PROBLEM TO SOLVE: Give back an exact copy of the listing that follows, without the pictures.

DATASET SECTION:
----------

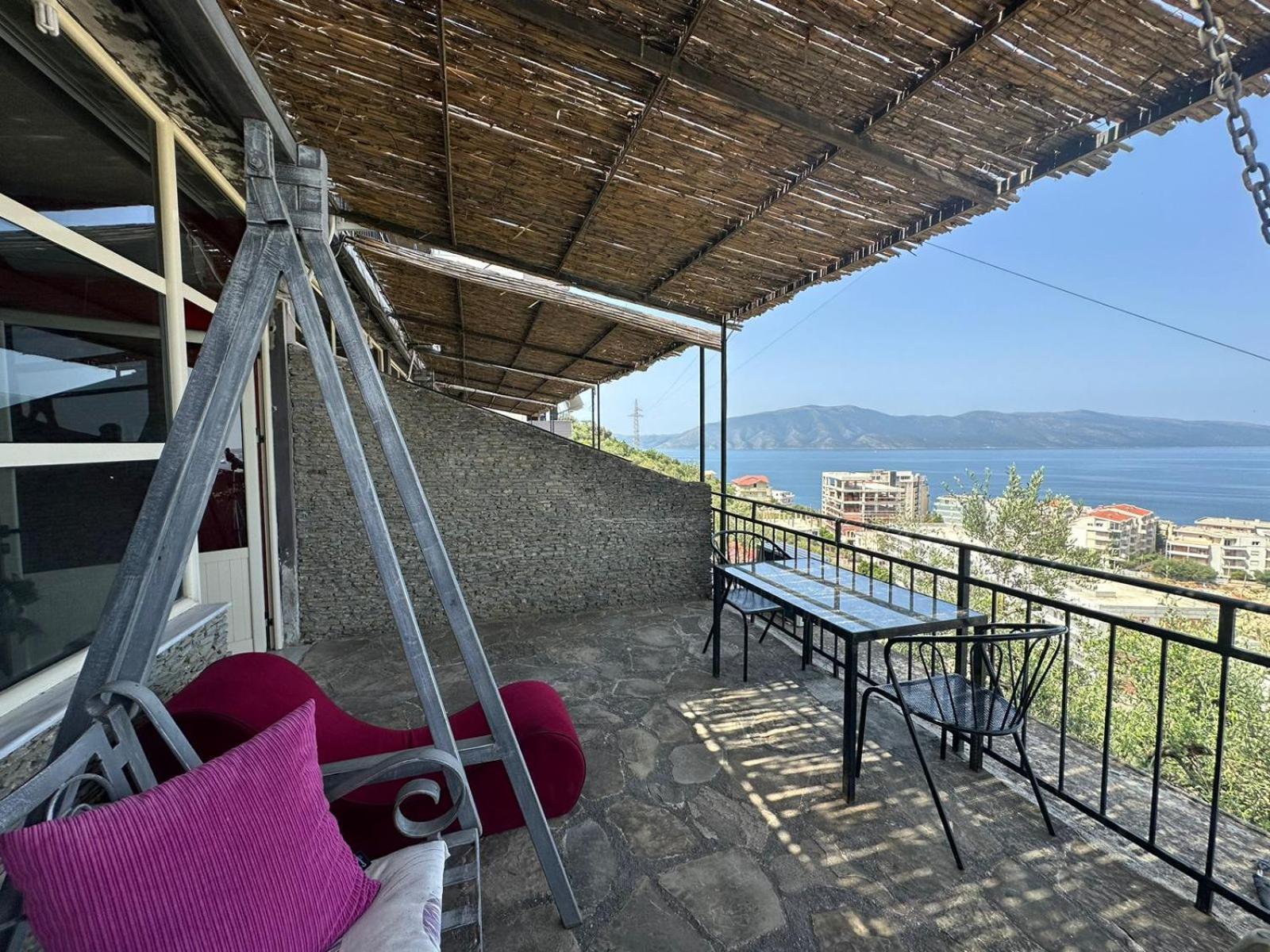 Hotel Vila "Oda E Miqve" Vlore Bagian luar foto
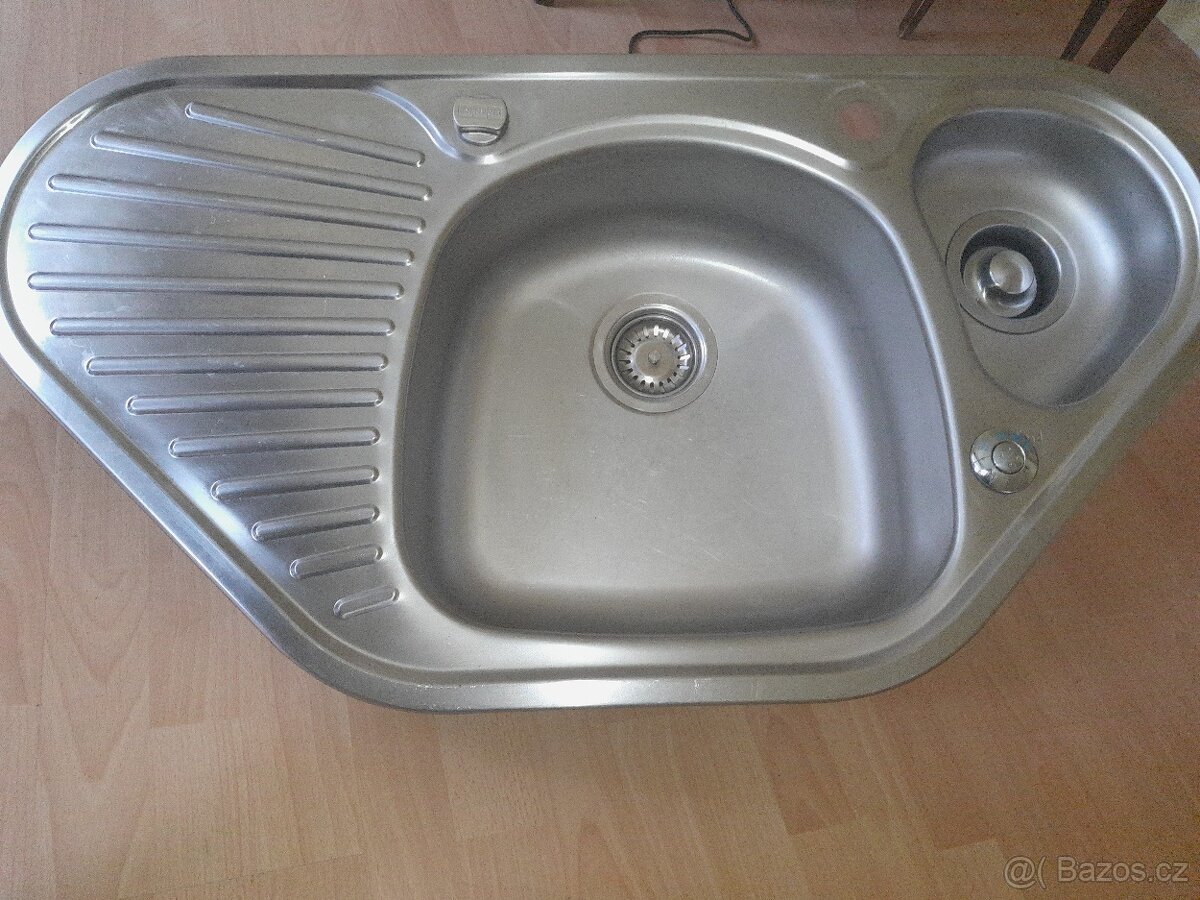 Rohový dřez Franke včetně drtiče kuchyňských odpadků WAVE - 2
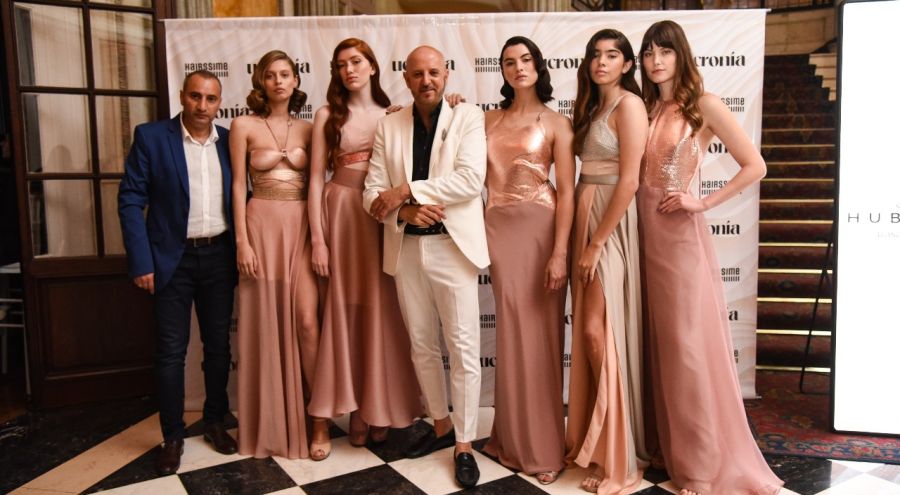 El presidente de Hairsimme, Gabo Martirosyan, junto a las modelos.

----------

ANSWER SPACE:
 Hotel Vila "Oda E Miqve" Vlore Bagian luar foto
 Rohový dřez Franke včetně drtiče kuchyňských odpadků WAVE - 2
 El presidente de Hairsimme, Gabo Martirosyan, junto a las modelos.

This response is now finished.